Simple Linear Regression

Introduction

Statistical model is quite important across a wide range of fields, providing researchers with tools for both explanation and prediction.
The most popular models of the statistical practice has been the general linear model (GLM).
The GLM finds the relation of a dependent and several independents variables that take form of tools as analysis of variance (ANOVA) and regression.

Simple Linear Regression

The simple linear regression model in population form is where \(y_i\) is the dependent variable for individual \(i\) in the data set and \(x_i\) is the independent variable for subject \(i\) (\(i\) = 1, …, \(N\)).
The terms \(\beta_0\) dan \(\beta_1\), are the intercept and slope of the model, respectively.

\[ y=\beta_{0}+\beta_{1}X_i+\varepsilon_i{} \qquad(1)\]

The intercept is the point at which the line in Equation 1 crosses the \(y\) axis at \(x\) = 0.
Thus, larger values of \(\beta_1\) (positive or negative) indicate a stronger linear relationship between \(y\) and \(x\).

Ilustration of Simple Regression

Imagine we have a dependent variable (y).

Ilustration of Simple Regression

We estimate a linear regression with no predictors and plot the intercept (null model).

\[ y = \beta_0 + \varepsilon_i{} \]

Ilustration of Random Error

Purple lines indicate the error term for each observation.

Random Error

Random error, represented by \(\varepsilon_i\), is inherent in any statistical model, including regression.
It expresses the fact that for any individual, \(i\), the model will not generally provide a perfect predicted value of \(y\), denoted \(\hat{y}_i\) and obtained by applying the regression model as

\[ \hat{y} = \beta_0 + \beta_iX_i \qquad(2)\]

Conceptually, this random error is representative of all factors that may influence the dependent variable other than \(x\).

Ilustration of Simple Regression

\[ y = \beta_0 + \beta_iX_i + \varepsilon_i{} \]

Estimating Regression with OLS

Ordinary least squares (OLS) is popular methods for obtaining estimated values of the regression model parameters (\(b_0\) and \(b_i\), respectively) given a set of \(x\) and \(y\).
\(\beta_0\) and \(\beta_i\) must be estimated using sample data taken from the population.
The goal of OLS is to minimize the sum of the squared differences between the observed values of \(y\) and the model-predicted values of \(y\), across the sample.
This difference, known as the residual, is written as

\[ e_i = y_i - \hat{y}_i \qquad(3)\]

Therefore, the method OLS seeks to minimize

\[ \Sigma_{i=1}^n e_i^2 = \Sigma_{i=1}^n (y_i - \hat{y}_i) \qquad(4)\]

OLS Criteria

It should be noted that in the context of simple linear regression, the OLS criteria reduce to the following equations, which can be used to obtain \(b_0\) and \(b_i\) as

\[ \beta_0 = r \left(\frac{S_y}{S_x} \right) \qquad(5)\]

and

\[ \beta_0 = \overline{y} - \beta_1\overline{x} \qquad(6)\]

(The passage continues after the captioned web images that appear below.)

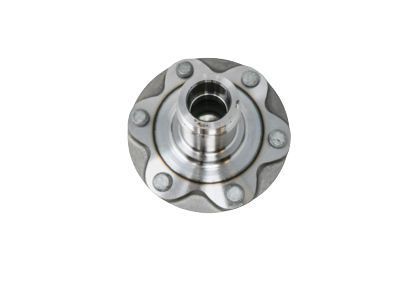 Toyota 43502-04140 Wheel Hub, Front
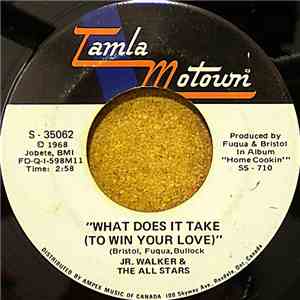 Junior Walker & The All Stars - What Does It Take (To Win Your Love) flac album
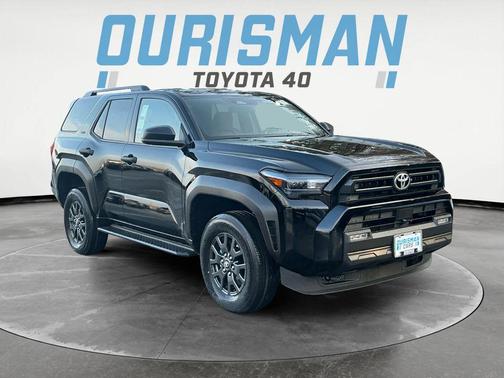 2026 Toyota 4Runner SR5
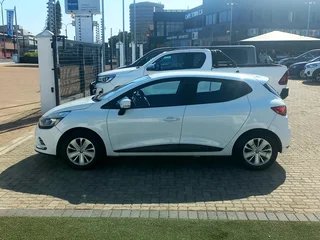 2017 Renault Clio 0.9 Authentique Turbo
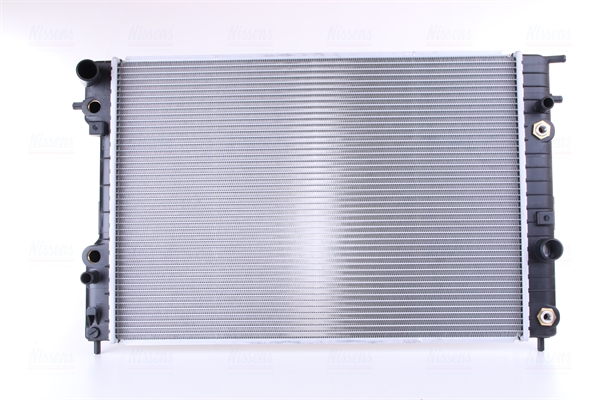 Kühler, Motorkühlung NISSENS 63073A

Example of Simple Regression

In this example, we use the PISA 2022 data to analyze the impact of ESCS on the math achievement of Indonesian students.
The sample includes 1329 students who were assessed for both variables.
In this scenario, math achievement serves as the dependent variable, while ESCS is the independent variable.
Descriptive statistics for each variable, along with the correlations between them, are provided in Table 1.1.

Descriptive stat

     vars    n   mean    sd median trimmed   mad    min    max  range skew
ESCS    1 1297  -1.49  1.04  -1.56   -1.51  1.00  -4.63   1.52   6.15 0.18
MATH    2 1297 374.02 64.42 365.02  370.49 64.62 188.95 632.92 443.98 0.51
     kurtosis   se
ESCS    -0.34 0.03
MATH    -0.04 1.79

Correlation

Variable	Mean	Standar Deviasi	Correlation
Math	367.28	58.34	0.244
ESCS	-1.63	0.99

Beta 1

Using equations (1.4) and (1.5), we can use this information to obtain estimates for both the slope and the intercept of the regression model.
First, the slope of the regression is calculated as

\[ \beta_1 = 0.244 \left(\frac{58.34}{0.99} \right)=14.38 \qquad(7)\]

Beta 0

The results indicate that individuals with higher ESCS scores generally achieve higher math scores.
We can calculate an estimate of the intercept using the values in the table:

\[ \beta_0 = \overline{y} - \beta_1\overline{x} \qquad(8)\]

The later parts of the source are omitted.